Importantly, Ballmer concludes that “evangelicals portrayed themselves as defending what they considered the sanctity of the evangelical subculture from outside interference (p. 54).” I’ve highlighted this last phrase because it aligns perfectly with sociologist Christian Smith’s theory of evangelical subcultural identity. His book on American Evangelicalism has the subtitle: Embattled and Thriving.
The next part of the chapter will unpack Smith’s theory and apply it to the Bob Jones history. I’ll try to examine the symbolic levers that allow evangelical institutions to see themselves under continual threat that must be resisted at all costs. Any movement is a potential break in the defensive schema that is necessary to maintain identity.
As a result Culture Wars are useful — not because they will be won but because they perpetuate the belief in threat. Which in turn solidifies boundaries that one can maintain to protect identity.
Using Bob Jones as a template and Smith as a theoretical perspective, the bulk of the chapter will do a deep dive on the question of LGBTQIA+ affirmation at Christian Universities over the course of the last decade. I don’t necessarily want that to be my only Culture War example in the chapter, so if you have suggestions for similar fronts6 in the Culture War in Christian Universities, please give me your thoughts in the comments.
Similar to the Bob Jones story, I’ll be paying particular attention to the third party activists (like Weyrich, Norquist, and Viguerie were for BJU). Throughout my analysis, I’ll pay particular attention to what Dan Bennett calls Christian Legal Organizations (who are changing the Supreme Court’s interpretations of religious freedom and culture wars).
I’ll end the chapter exploring ways in which Christian Universities can avoid getting sucked into Culture Wars that make it so hard for them to relate to the broader society and the current generation of potential students. Theoretically, doing so could even strengthen enrollment in this pluralistic age.

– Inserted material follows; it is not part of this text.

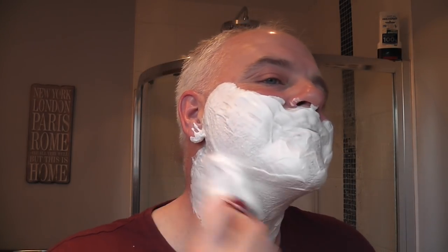Look at that lather! I can feel the menthol slightly cooling my skin, which is nice. Some people say that creams don't lather as well, they're not as slick or as dense as soaps — but look at that. You can see it. Let's get cleaned up. I'll put the lid back on this so it doesn't get any water in it. Rocky Mountain Barber Company Sandalwood Shaving Cream — beautiful.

So that’s chapter four of the book. Based on my past pace, look for more details on here between now and summertime.
For context, Loving v. Virginia allowed interracial marriage in 1967.
Technically, the Supreme Court in Bob Jones v. Simon ruled that since BJU hadn’t paid taxes and had them withheld, they weren’t entitled to injunctive relief.
This time Bob Jones had paid $21 in employee taxes and then asked for them to be returned.
Another interesting historic note: arch conservative Robert Bork helped argue for the government in Bob Jones v Simon.
Of “drown the government in the bathtub” fame
If I was writing this ten years ago, I’d be focused on science wars but I’m not sure if those are still active.